NAGS HEAD, N.C. — On the Outer Banks, people are usually advised to stay off the dunes. But in Nags Head, there’s one that you can get on: Jockey's Ridge, the biggest dune on the East Coast.
Over the past year, organizations have been working to reinstate Jockey's Ridge as an area of environmental concern.
“It's a place of refuge, it's a place of inspiration, and it's also a living classroom," said Craig Honeycutt, chairman of the board of the Friends of Jockey's Ridge.
Watch related coverage: Discover the beauty of Jockey's Ridge State Park
For decades, Jockey’s Ridge State Park was designated as an “area of environmental concern,” but the North Carolina Rules Review Commission made a ruling in 2023 to strip that status.
“We were all stunned to death to find Jockey’s Ridge being removed as an area of environmental concern," said Renee Cahoon, chair of the North Carolina Coastal Resources Commission.
North Carolina Coastal Resources Commission has been working on requests to have the protections reinstated. A point of concern from the state has been the verbiage around the protections. They shared the following statement with us:
“The RRC protects the people from agency adoption of vague and ambiguous regulations which, if allowed to become law, would enable subjective enforcement by the agencies.”
“The question was: how was it distinct or unique? It's the only place on the East Coast that has that geologic formation," said Cahoon.
The CRC has had a few requests to have the AEC protections reinstated.
“We decided we would go back through it. We tried to change the word again. We put a definition in our rules of what unique meant, and what it does is it keeps sand from being removed from the area," said Cahoon.

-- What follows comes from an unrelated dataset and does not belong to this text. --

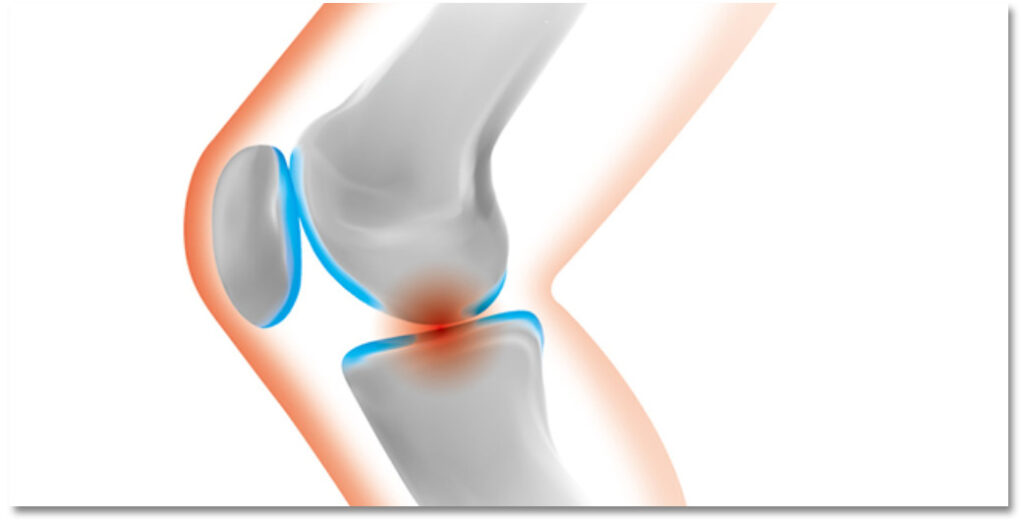 膝関節の炎症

Watch previous coverage: Key protection for Jockey's Ridge State Park rejected by review board
But at its most recent meeting, the organization unanimously passed another request. The replacement of sand that blows off the dune is an important piece of keeping Jockey’s Ridge in its current natural state and part of what the protections ensure.
Without them, Honeycutt explained what might be able to happen.
“They can open the park up to all kinds of things, whether it's somebody building a restaurant, trying to develop it, trying to parse off chunks of land, trying to take sand out of it, trying to mess with the coast. There's a lot. It becomes a vulnerable place," said Cahoon.
There’s no timeline for the rules commission to take up the new request, but no matter their decision, these organizations plan to continue the fight as long as it takes.
"To me, it's just counterproductive to not be working together, but at odds. I don't think that serves the citizens of the state when we're at odds like this," said Cahoon.